Your instructions
In the material below, find the line with "Stock image of" and the line with "Console singola Art Deco 4", then output both and every line between them exactly, omitting pictures.

The data
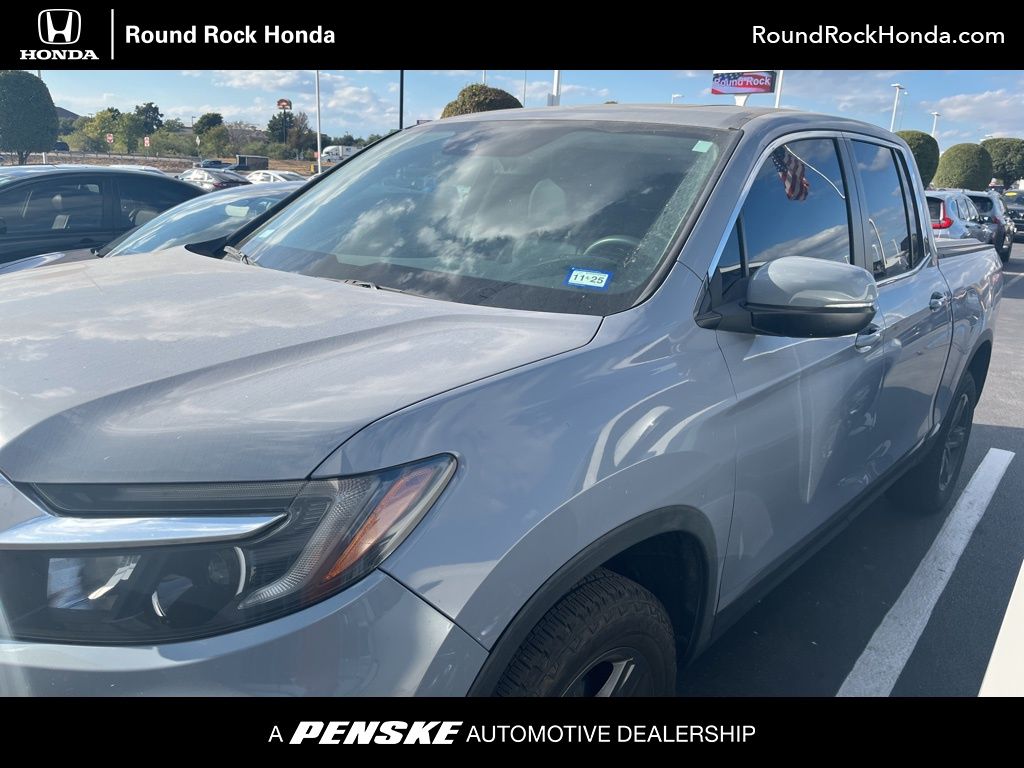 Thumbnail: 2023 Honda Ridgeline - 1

--

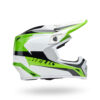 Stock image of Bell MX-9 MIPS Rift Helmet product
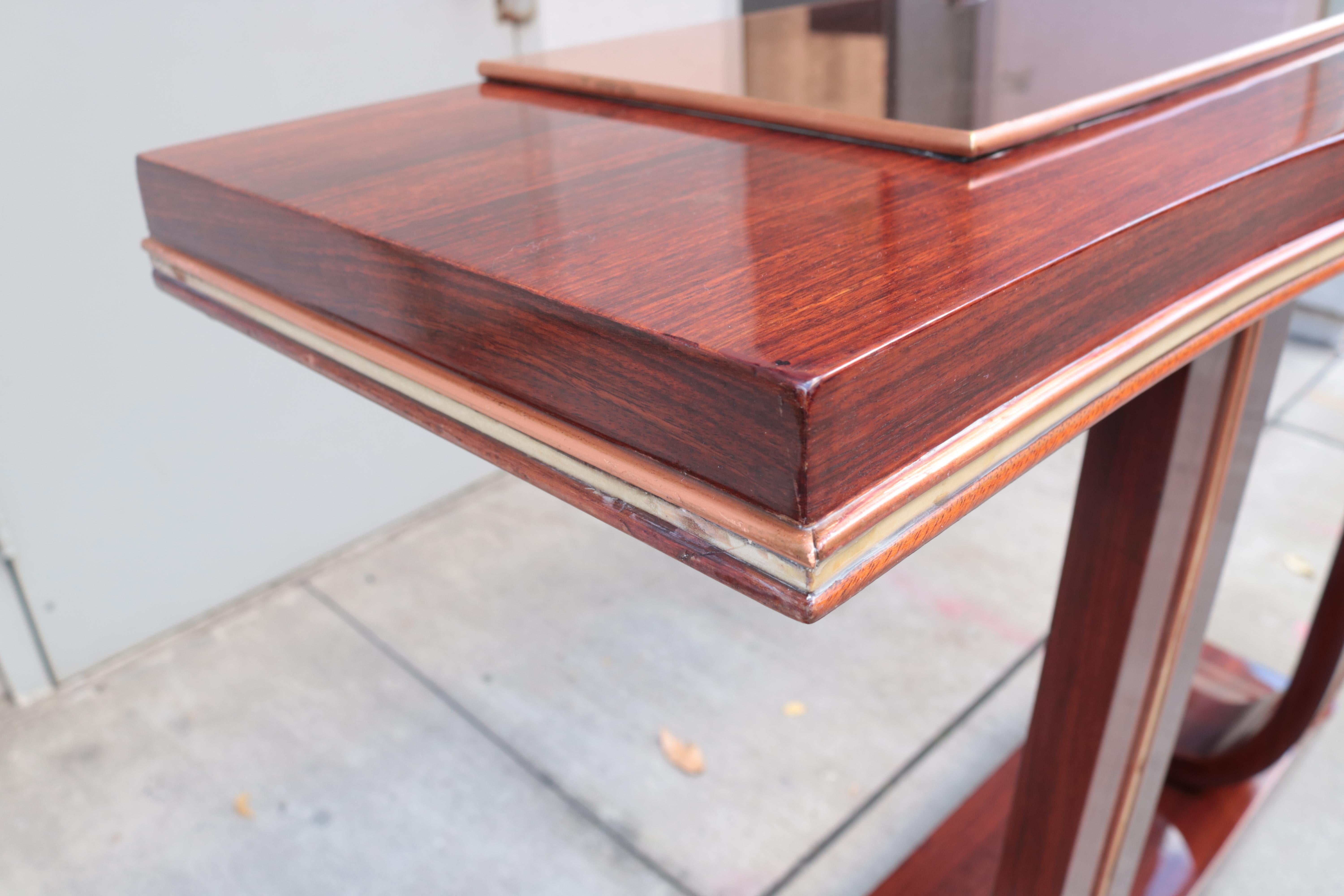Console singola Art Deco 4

Answer space
 Stock image of Bell MX-9 MIPS Rift Helmet product
Console singola Art Deco 4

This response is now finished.